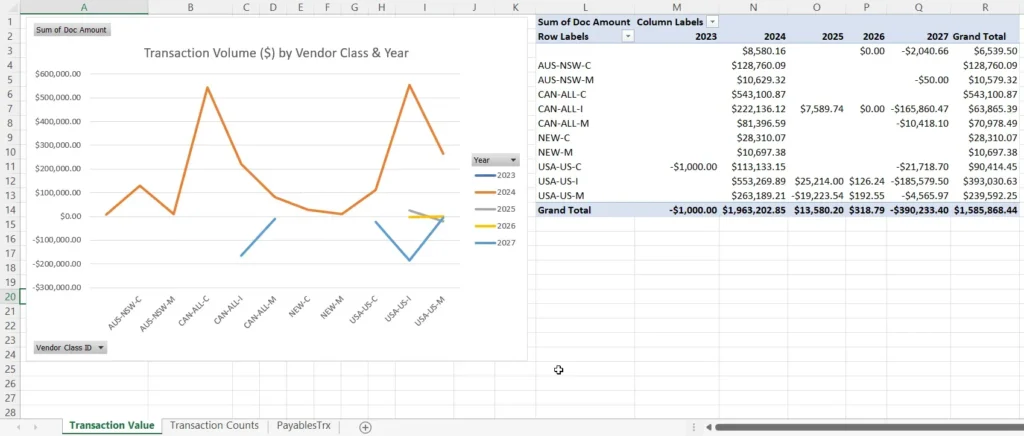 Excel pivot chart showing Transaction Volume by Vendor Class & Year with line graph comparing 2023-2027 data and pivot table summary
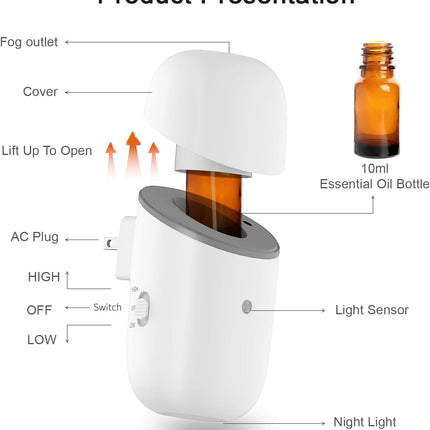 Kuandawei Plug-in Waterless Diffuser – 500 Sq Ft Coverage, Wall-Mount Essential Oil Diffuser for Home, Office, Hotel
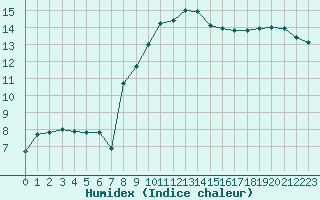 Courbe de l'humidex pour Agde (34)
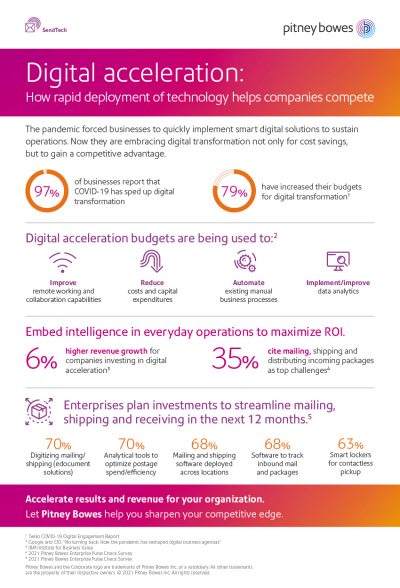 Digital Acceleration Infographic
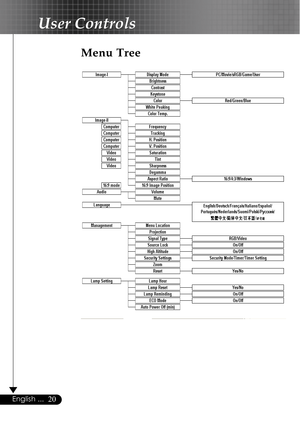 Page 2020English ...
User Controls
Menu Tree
═══
REQUIRED WORK —
A faithful copy of every entry is needed, omitting each image.

RESPONSE BELOW —
 Excel pivot chart showing Transaction Volume by Vendor Class & Year with line graph comparing 2023-2027 data and pivot table summary
 Kuandawei Plug-in Waterless Diffuser – 500 Sq Ft Coverage, Wall-Mount Essential Oil Diffuser for Home, Office, Hotel
 Courbe de l'humidex pour Agde (34)
 Digital Acceleration Infographic
 Page 2020English ...
User Controls
Menu Tree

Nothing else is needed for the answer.